To resume a life that has been put on hold, or to work to make exile an opportunity for a new beginning, is the most important challenge faced by the refugee. Like the extrajudicial detainee who, despite not knowing how long she will stay in jail, nonetheless does not spend her years in prison awaiting the moment of release, the refugee in turn works to place the experience of being uprooted and exiled within brackets, and to not spend the rest of her years waiting to return to her house and homeland.

In prison, one works to neutralize time with productive activities, or even try to get time on your side by going through a process I call “enjailment,”1 to make the prison into a home, a framework to change and free ourselves from other prisons. This is when the prison is not extremely brutal, such as in Tadmor, Saydnaya, and the new detention camps in Syria, in which enjailment is difficult or impossible. The refugee does the same as the prisoner, to the extent possible; trying to take control of her life in her new conditions. What does it mean to be in control of one’s life?

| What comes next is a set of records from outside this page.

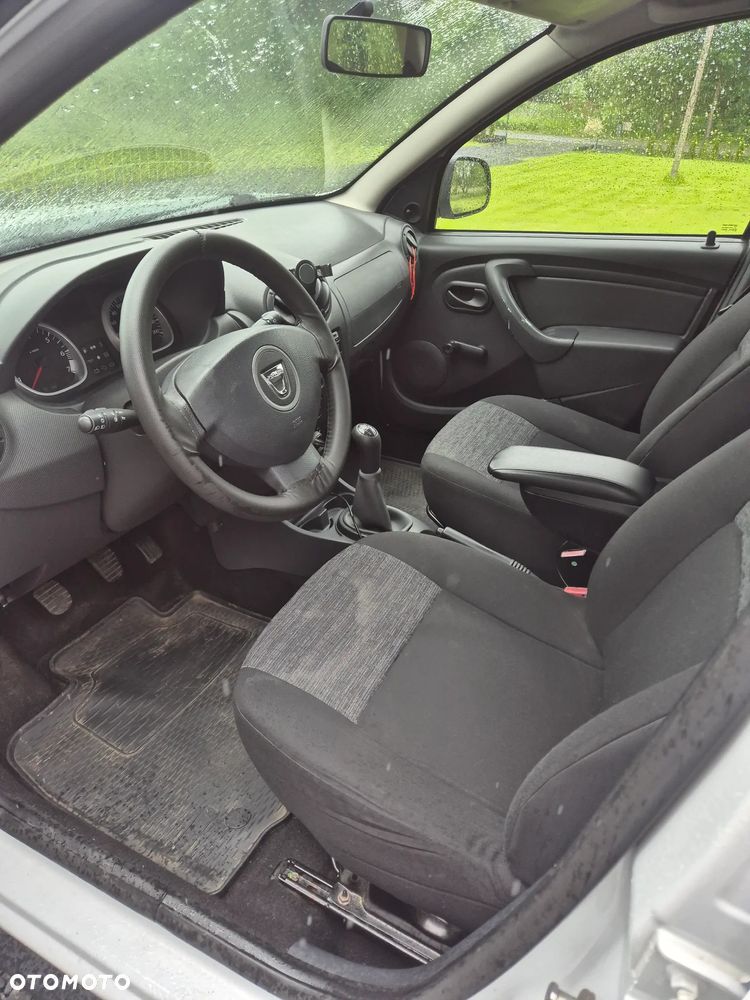 Dacia Duster 1.6 Ambiance - 10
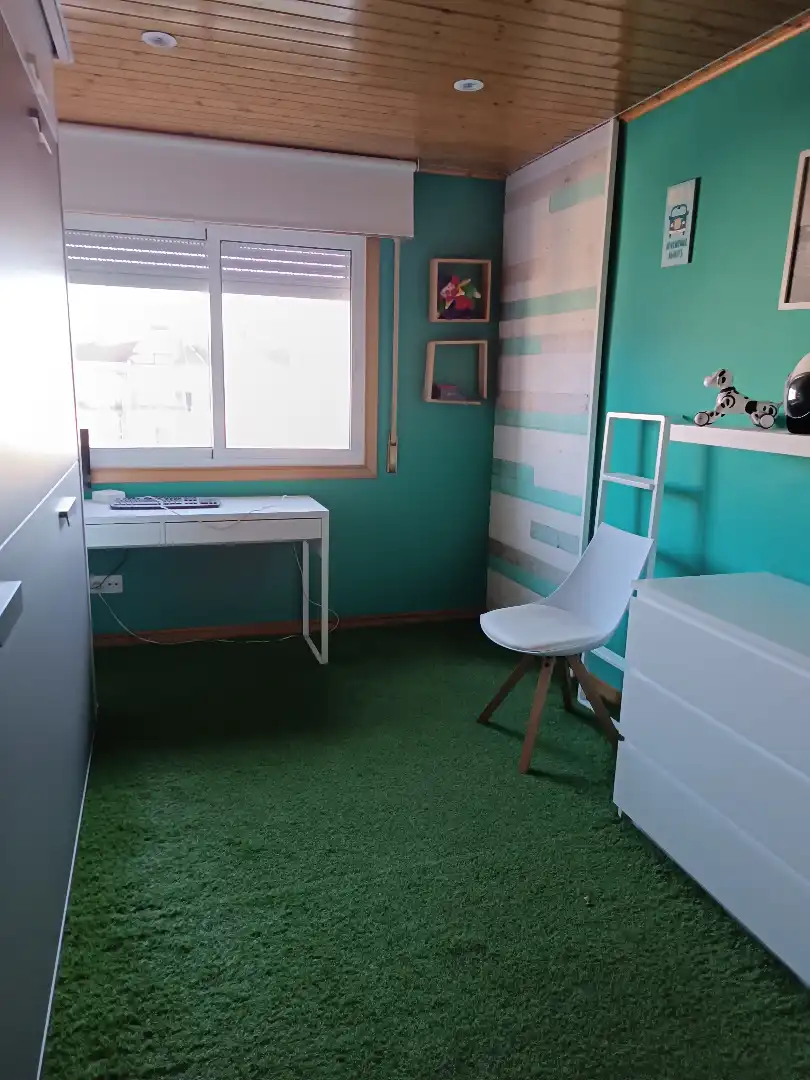 Schlafzimmer von Wohnung zur Miete in Pontevedra Capital  mit Heizung, Möbliert und Ofen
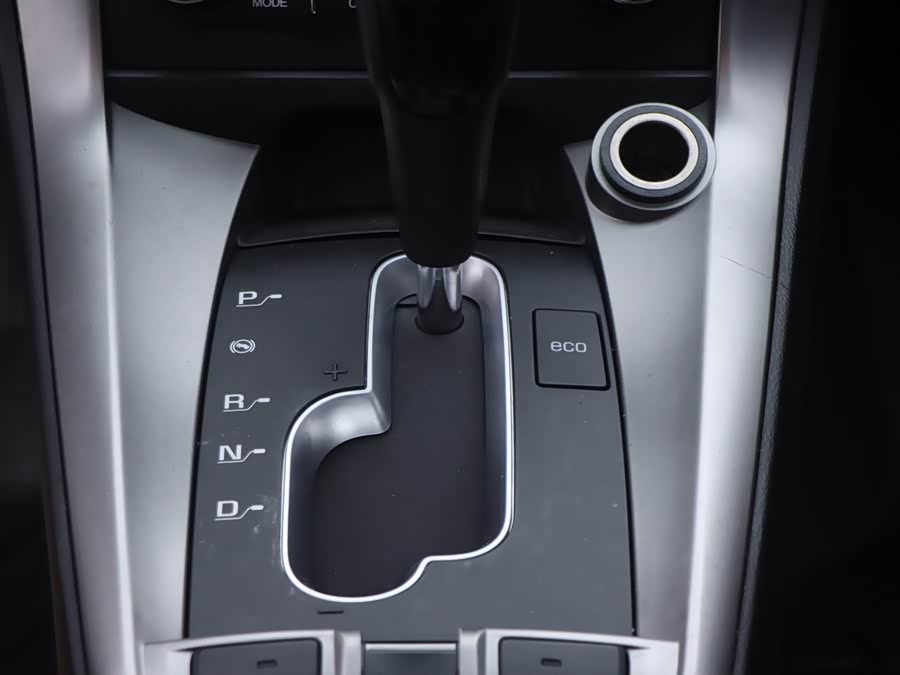 Chevrolet Captiva 2017 car image #19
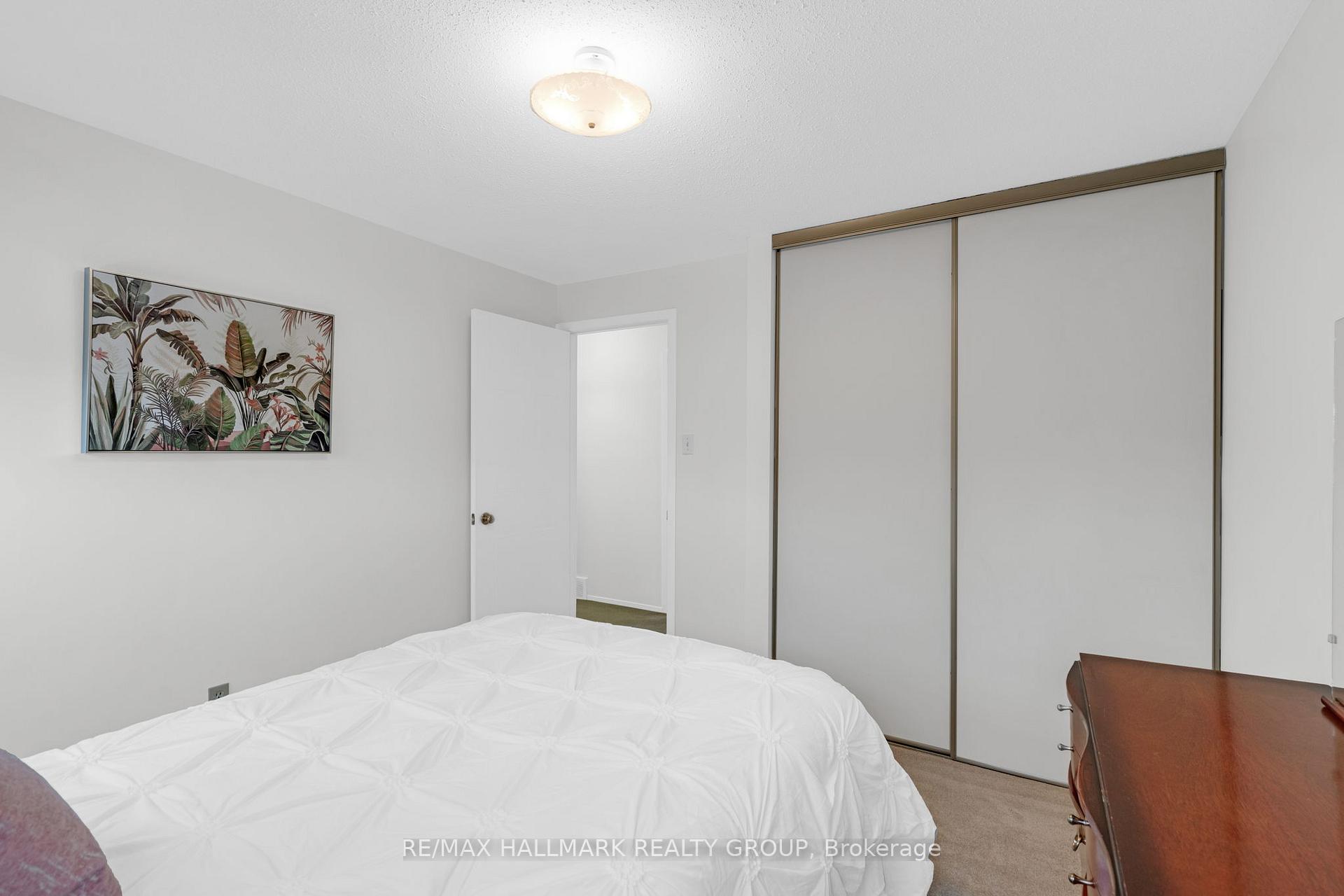 Photo 32 of 1437 Forest Valley Drive, Ottawa, Chapel Hill — HOMEH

At the very least, to have a base; a point of stability; “a room of one’s own;” a house, if possible, to allow for transformation from uprootedness, the status of someone who escaped with nothing but her “bare life,” to the more stable status of refugee, who is able to resume a life of her own, or give herself a new beginning. This too is when the conditions of refuge are not too brutal so as to make “exilification”2 similarly impossible. A base of this kind is a necessity in order to plan one’s life; to take some control over time and its subjugation.

In the time available, I will try to distinguish between different levels of the relationship of refugees to time according to their ability to have their own space, whether a private one or one for their family. I will distinguish between two types of self-awareness in refugees, the idealistic and the realistic.

The life of refugees who live in a tent, or with others in a crowded hangar, and cannot change their place of residence even if they want to, whether for security or economic reasons, is the closest thing to the life of waiting for a “return” that may never happen. Here, refuge constitutes a continuation of the experience of uprooting, which is not allowed to fade into obsolescence. This is a case of very literally living in the temporary, in a way that seldom allows one to make plans.

Today, there are refugee camps for Syrians in Lebanon, Jordan, Turkey, and some European countries, the worst of which are in Lebanon, where they have been raided by the Lebanese security forces more than once, and where refugees have been dealt with in a humiliating manner. Since most of the refugees in Lebanon have come from areas under the control of the regime today and so cannot return out of fear for their lives, to live in shelter that lacks the basic necessities for a decent existence is to put their lives on hold permanently. I call this a suspended life.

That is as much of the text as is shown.